DATASET SECTION Block Start
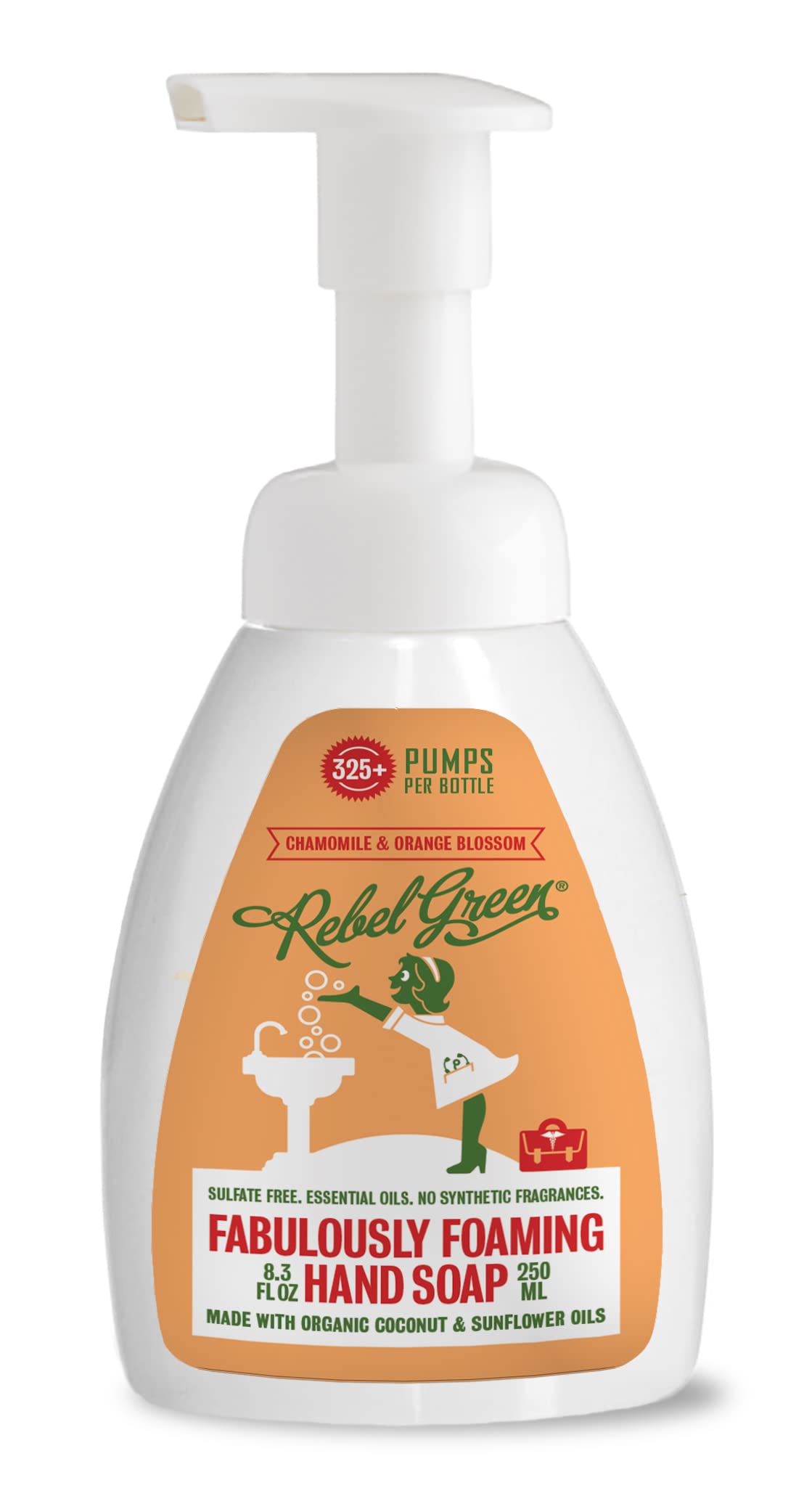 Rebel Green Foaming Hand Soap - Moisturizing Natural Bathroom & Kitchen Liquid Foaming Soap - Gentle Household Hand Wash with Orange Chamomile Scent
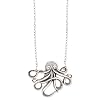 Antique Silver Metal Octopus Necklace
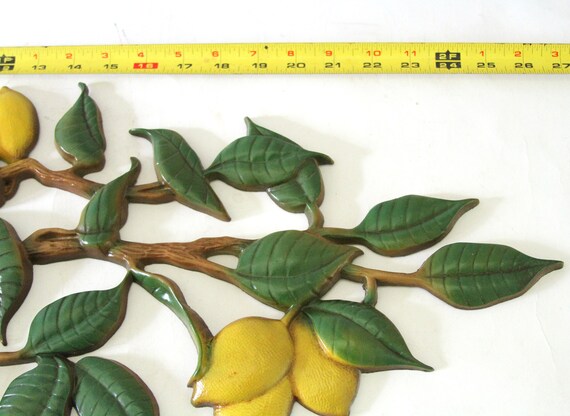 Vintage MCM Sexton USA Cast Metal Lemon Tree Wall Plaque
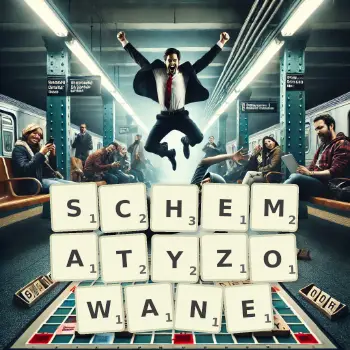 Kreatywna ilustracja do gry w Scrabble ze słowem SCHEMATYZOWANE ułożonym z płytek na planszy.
DATASET SECTION Block End
YOUR INSTRUCTIONS: Everything in the data except the pictures must appear in your answer unchanged.

REPLY TO THE TASK:
 Rebel Green Foaming Hand Soap - Moisturizing Natural Bathroom & Kitchen Liquid Foaming Soap - Gentle Household Hand Wash with Orange Chamomile Scent
 Antique Silver Metal Octopus Necklace
 Vintage MCM Sexton USA Cast Metal Lemon Tree Wall Plaque
 Kreatywna ilustracja do gry w Scrabble ze słowem SCHEMATYZOWANE ułożonym z płytek na planszy.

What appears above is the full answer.